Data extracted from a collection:
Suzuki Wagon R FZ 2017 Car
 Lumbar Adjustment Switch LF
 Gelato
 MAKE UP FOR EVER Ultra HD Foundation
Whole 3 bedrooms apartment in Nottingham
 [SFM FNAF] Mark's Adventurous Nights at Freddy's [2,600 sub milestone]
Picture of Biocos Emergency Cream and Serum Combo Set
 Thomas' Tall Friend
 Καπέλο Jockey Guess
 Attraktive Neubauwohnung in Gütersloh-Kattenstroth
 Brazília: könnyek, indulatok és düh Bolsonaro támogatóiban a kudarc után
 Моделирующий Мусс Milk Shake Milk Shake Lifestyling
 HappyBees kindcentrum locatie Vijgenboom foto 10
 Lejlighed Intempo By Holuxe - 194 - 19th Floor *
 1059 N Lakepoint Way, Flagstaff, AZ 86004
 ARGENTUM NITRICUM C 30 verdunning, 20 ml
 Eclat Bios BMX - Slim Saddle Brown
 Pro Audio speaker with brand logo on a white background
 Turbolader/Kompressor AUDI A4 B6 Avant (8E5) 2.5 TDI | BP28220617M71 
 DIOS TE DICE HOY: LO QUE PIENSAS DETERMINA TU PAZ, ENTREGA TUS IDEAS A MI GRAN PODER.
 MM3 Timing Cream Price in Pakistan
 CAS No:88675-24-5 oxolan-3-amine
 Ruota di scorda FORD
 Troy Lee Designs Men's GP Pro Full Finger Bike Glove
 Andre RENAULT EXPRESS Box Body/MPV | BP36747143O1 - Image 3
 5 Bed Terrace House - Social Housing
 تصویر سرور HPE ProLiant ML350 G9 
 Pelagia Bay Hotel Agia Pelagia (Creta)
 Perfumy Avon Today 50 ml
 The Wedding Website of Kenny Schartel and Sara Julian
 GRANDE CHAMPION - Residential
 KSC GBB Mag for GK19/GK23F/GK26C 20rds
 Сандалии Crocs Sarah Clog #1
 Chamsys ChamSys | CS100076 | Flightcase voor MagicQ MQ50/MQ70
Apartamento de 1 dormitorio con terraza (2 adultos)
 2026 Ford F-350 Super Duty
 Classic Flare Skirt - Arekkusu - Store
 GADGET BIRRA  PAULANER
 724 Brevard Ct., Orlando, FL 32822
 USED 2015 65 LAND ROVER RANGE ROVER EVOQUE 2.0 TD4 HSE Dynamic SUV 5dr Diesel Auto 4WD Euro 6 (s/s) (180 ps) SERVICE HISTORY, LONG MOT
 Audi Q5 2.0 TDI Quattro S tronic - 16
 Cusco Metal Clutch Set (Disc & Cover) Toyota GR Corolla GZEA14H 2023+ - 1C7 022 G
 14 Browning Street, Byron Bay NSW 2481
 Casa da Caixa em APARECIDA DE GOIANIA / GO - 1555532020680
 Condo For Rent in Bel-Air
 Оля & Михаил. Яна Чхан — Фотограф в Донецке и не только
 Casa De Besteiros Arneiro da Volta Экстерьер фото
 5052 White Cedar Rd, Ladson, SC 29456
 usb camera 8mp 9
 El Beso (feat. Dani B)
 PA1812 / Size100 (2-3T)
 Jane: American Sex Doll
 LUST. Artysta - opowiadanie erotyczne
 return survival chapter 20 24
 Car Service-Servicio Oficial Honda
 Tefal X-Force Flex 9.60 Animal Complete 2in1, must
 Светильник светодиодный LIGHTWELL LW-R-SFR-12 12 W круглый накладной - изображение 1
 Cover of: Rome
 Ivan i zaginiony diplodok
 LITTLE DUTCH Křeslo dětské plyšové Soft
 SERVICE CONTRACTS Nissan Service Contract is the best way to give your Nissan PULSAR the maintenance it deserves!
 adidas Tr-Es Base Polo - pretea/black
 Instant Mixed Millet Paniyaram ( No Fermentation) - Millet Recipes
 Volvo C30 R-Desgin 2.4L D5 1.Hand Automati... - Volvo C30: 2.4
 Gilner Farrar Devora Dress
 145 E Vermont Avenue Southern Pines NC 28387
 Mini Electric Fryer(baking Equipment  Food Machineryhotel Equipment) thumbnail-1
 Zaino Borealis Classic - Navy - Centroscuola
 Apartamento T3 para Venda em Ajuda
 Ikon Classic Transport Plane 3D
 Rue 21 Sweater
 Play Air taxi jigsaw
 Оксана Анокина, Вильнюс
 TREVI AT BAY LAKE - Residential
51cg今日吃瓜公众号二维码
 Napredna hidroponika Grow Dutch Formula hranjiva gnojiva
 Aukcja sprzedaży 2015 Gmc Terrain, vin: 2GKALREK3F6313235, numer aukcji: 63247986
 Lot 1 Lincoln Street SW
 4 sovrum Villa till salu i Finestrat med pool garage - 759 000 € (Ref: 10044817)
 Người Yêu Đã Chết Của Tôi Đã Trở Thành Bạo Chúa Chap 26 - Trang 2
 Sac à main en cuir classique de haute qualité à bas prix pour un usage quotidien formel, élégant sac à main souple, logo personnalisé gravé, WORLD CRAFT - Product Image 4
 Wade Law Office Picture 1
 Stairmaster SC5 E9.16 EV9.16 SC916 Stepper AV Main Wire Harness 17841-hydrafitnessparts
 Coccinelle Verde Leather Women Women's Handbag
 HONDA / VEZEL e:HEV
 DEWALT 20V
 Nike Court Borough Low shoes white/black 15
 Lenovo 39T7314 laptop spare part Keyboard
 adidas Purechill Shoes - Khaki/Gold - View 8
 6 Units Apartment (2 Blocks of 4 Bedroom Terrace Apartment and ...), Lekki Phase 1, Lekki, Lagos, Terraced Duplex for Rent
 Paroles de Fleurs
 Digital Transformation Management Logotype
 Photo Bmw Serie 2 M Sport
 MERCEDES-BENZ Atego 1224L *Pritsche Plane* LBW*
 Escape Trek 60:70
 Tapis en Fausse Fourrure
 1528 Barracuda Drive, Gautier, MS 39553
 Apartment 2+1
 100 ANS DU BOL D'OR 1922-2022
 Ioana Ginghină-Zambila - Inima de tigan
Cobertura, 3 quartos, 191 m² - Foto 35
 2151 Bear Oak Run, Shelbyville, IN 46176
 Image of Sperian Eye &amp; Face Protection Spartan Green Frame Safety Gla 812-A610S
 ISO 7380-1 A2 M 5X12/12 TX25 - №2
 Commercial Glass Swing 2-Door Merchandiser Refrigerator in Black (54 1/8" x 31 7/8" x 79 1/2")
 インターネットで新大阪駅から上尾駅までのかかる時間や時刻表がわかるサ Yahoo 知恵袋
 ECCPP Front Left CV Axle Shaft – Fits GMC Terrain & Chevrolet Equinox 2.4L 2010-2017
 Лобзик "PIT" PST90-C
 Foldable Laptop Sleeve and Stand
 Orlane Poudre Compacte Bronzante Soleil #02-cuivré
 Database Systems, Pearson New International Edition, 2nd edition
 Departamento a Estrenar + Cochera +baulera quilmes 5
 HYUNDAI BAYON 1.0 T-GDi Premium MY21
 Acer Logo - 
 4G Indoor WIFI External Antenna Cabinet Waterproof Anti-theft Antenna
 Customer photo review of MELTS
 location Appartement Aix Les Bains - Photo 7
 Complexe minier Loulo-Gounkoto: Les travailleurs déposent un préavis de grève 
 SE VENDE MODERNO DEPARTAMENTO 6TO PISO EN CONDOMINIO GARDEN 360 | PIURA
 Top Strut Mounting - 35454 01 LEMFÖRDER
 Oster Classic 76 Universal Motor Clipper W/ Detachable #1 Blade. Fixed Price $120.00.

■ TASK OBJECTIVE
Your task is to find each line in the entries that contains the string "Cream" and copy it.

■ EXERCISE ANSWER
Picture of Biocos Emergency Cream and Serum Combo Set
 MM3 Timing Cream Price in Pakistan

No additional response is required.